● Input data
- - - -
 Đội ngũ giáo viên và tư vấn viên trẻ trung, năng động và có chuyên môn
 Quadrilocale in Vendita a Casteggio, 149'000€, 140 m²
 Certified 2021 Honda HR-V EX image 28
- - - -
● What you are asked to do
The line containing "Quadrilocale in Vendita" and all lines after it, through the last line of the data, should be retyped exactly.

● Result of the task
 Quadrilocale in Vendita a Casteggio, 149'000€, 140 m²
 Certified 2021 Honda HR-V EX image 28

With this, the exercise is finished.